Title: Device for crushing and cutting plant material

Description:
TECHNICAL FIELD 
     This invention relates to apparatus which is adapted to cut, tear, and compress plant materials such as branches, cuttings or the like. After passing through the apparatus the plant material is in a condition for disposal, including use of such material as compost. 
     BACKGROUND ART 
     My U.S. Pat. No. 3,735,933, issued May 29, 1973, discloses an apparatus for the disposal of cuttings or the like which is adapted to cut, tear and to press such cuttings to prepare the same for composting. The apparatus of this prior patent utilizes a pair of adjacent, generally parallel contra-rotating rotors. Each of the rotors has circumferentially-spaced blades at a rake angle in the direction of rotation, with the blades of one rotor overlapping those of the other rotor during rotation. In U.S. Pat. No. 3,735,933, each rotor includes at least 12 blades disposed at a rake angle of about 20 degrees. 
     DISCLOSURE OF THE INVENTION 
     The present invention also relates to apparatus for the disposal of cuttings or the like utilizing a pair of adjacent, generally parallel, contra-rotating rotors to cut, tear, and compress plant material. However, apparatus constructed in accordance with the teachings of the present invention incorporates several novel features which contribute to the efficiency and effectiveness of the apparatus as compared with that disclosed in U.S. Pat. No. 3,735,933. 
     In particular, the present invention includes a housing defining an interior and an inlet and outlet communicating with the interior. A pair or rotors is rotatably mounted within the interior and define a passageway therebetween between the inlet and the outlet. Each of the rotors includes a cylindrically-shaped core member and a plurality of generally uniformly-spaced blades projecting outwardly from the core member, each said blade having a positive rake angle, spaced sides, and a distal end. The distal end has a flat surface disposed at substantially 90 degree angles to the sides and interconnected to the sides along sharp edges. 
     The rotor blades of the present invention operate considerably more efficiently than the blades of the apparatus disclosed in U.S. Pat. No. 3,735,933. The rotor blades of the present invention are particularly superior when performing their initial function of qrasping and grabbing branches and other objects being fed to the rotor and allow branches of larger diameter to be passed therebetween. Further, the present blades cooperate to more effectively crush the material passing through the rotor, a result which is particularly desirable when the material is to be used as compost or mulch. 
     The rotors of the apparatus disclosed herein are also cheaper in construction and lighter in weight than the rotors shown in U.S. Pat. No. 3,735,933. And, since the ends of the blades of this invention are essentially squared-off, they are easier to maintain in sharpened condition. 
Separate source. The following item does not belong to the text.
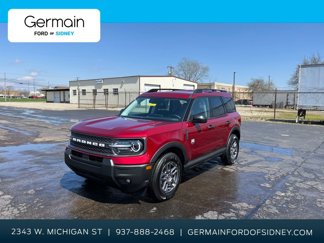 New 2025 Ford Bronco Sport Big Bend w/ Convenience Package image 1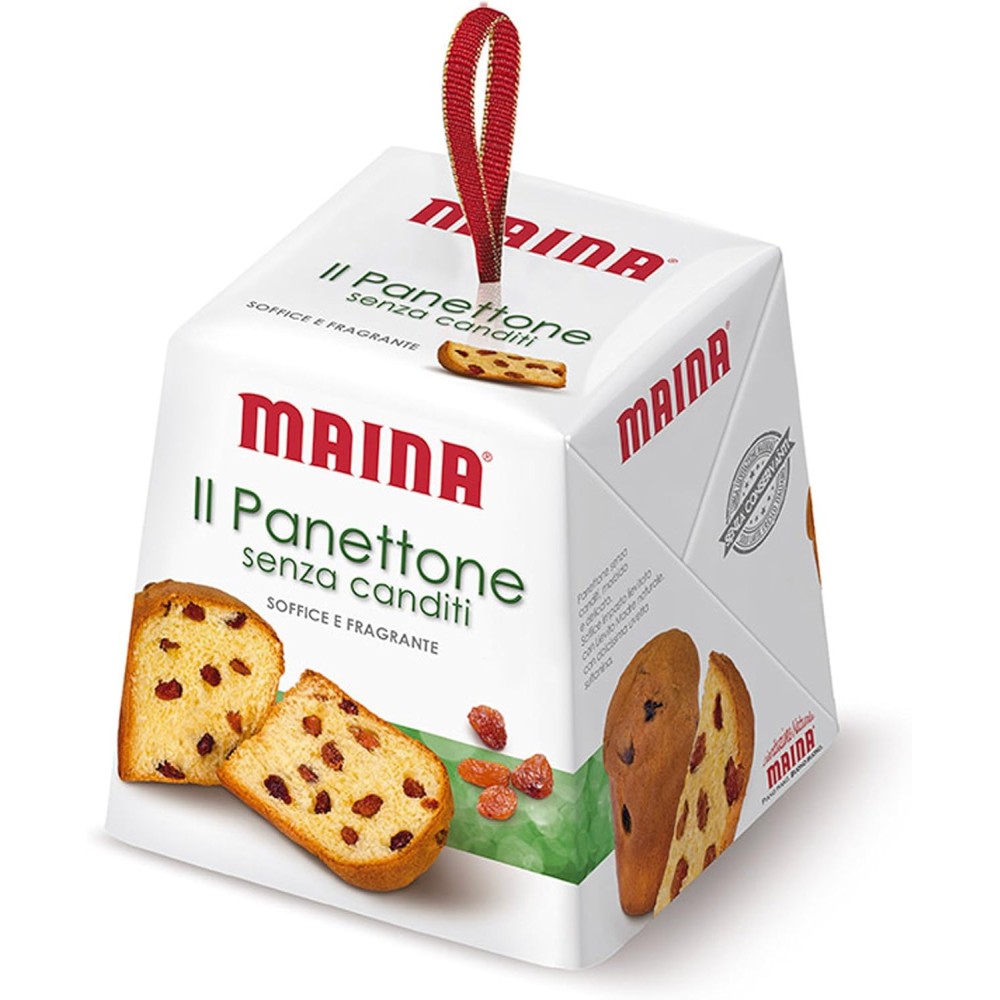 12 x MINI PANETTONE MAINA 100 GR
     In the illustrated preferred embodiment of the invention, the rake angle of the blades is substantially 36 degrees and six blades project outwardly from the core member. Each core member comprises a shaft and a tubular spacer secured to the shaft and the blades, each said tubular spacer being shorter than the shaft to which the tubular spacer is secured whereby the ends of the tubular spacers ar adapted to define thrust-bearing surfaces. These structural elements may readily be secured together, as by welding. 
     Another novel feature of apparatus constructed in accordance with the teachings of the present invention is a deflector plate in operative association with at least one of the rotors. The deflector plate has a terminal portion in close proximity to the distal ends of blades on its associated rotor whereby the deflector plate terminal portion is adapted to be engaged by material adhering to the blade distal ends upon rotation of the rotor and to remove such material from the rotor. The deflector plate terminal portion includes a terminal edge and a deflector surface leading from the edge and adapted to direct material removed from the blade distal ends away from the rotor. 
     Yet another novel feature resides in the fact that the device housing is selectively rotatable above the shaft of one of the rotors. This enables the device to be readily adjusted to allow plant material to be selectively fed from different directions ranging from the vertical to the horizontal. 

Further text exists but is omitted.